Castroneves stayed on Chilton’s gearbox for 2 laps then forced a pass on the Englishman at turn 3 for the lead. The crowd went wild as they came out of turn 4 and Sato dove under Chilton for 2nd desperate to follow Hélio. Chilton slammed the door on Ed Jones making it a straight 2 horse race for the lead between Hélio and Takuma. Sato drafted all around the lap and made his move with 5 laps to go as they came across the line.

Sato floored it for the last 5 laps, at one point doing a 220mph lap late in the stint. Castroneves was all over him but unable to pass the Honda driver in his Chevrolet powered Penske. Takuma won the Indy 500 by 0.2011s, the first ever Japanese or Asian driver to win the race, at 40 years old he is also one of the oldest winners and in his personal career it’s was his first “championship” win since his F3 domination year of 2001 and only his 2nd race victory since that year.

Castroneves held onto 2nd and was very disappointed not to win but equally was praising of Sato for the victory. Ed Jones managed 3rd place as a rookie which was a great performance.
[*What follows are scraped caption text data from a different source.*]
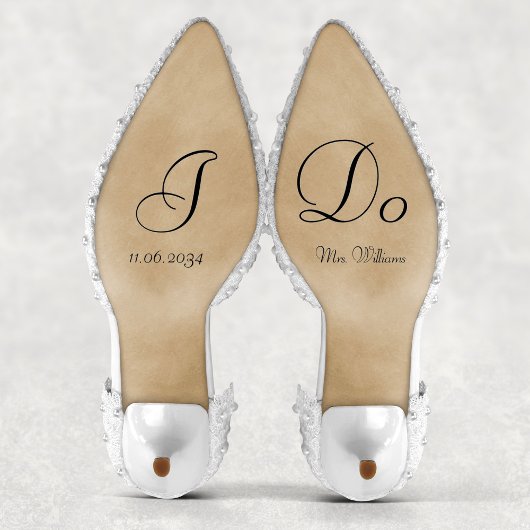 Klassieke Elegant Ik Doe Bruid Trouwschoenen Custo Sticker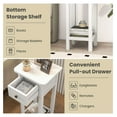 thumbnail image 6 of Side Table, White Nightstand with Drawers & Shelves, Tall Beside Table with Storage, Small Night Stands for Small Spaces, Modern End Tables for Living Room, Bedroom, Dorm (1, White), 6 of 8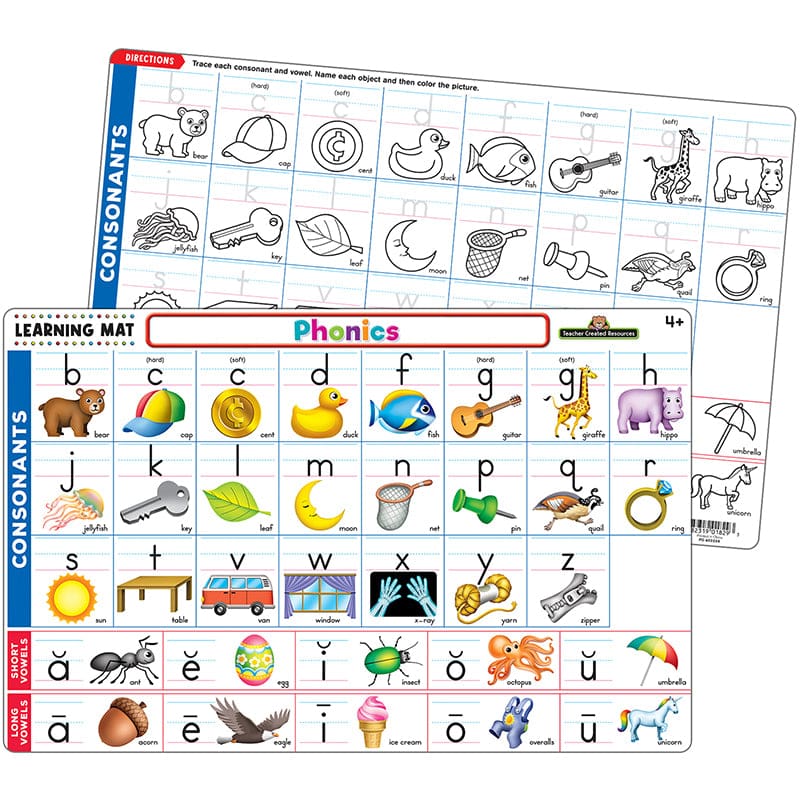 Phonics Learning Mat (Pack of 12) - Mats - Teacher Created Resources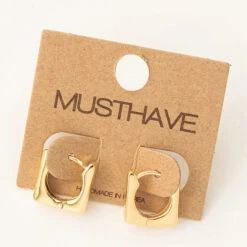 Gold Mini Square Huggie
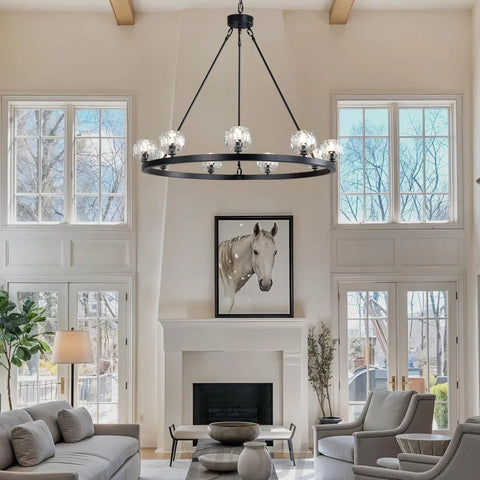 Modern Carriage Wheel Crystal Chandelier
Off the podium was Chilton, Kanaan, Montoya, Rossi in 7th, Andretti, Gabby Chaves, Carlos Munoz 10th, Carpenter, Rahal, Aleshin, Pagenaud 14th losing his series championship lead, Sebastian Saavedra, Hilderbrand the last man on the lead lap, Pippa Mann, Spencer Pigot and Newgarden was the last to finish.

Sato completely deserved the win after a masterful race, he was fast, aggressive when he needed to be keeping in touch with the danger men of the race be it Rossi, Hunter-Reay, Alonso, Chilton or Castroneves; he was completely fearless when pressured and he was always up in the top 10 keeping himself in contention. What’s more he was 14/1 so I won £2.50 from all of my bets for the race so I was delighted. I personally hope Sato can now push for the IndyCar series title but Andretti Autosport does tend to struggle against Chip Ganassi and Penske on the road courses so we’ll have to see about that.

In victory lane Sato was awarded the Borg Warner trophy, only 1cm shorter than he is; he drank the milk and was hugely thankful for Honda, Andretti and all his fans for the victory, right back at you Takuma, many congratulations.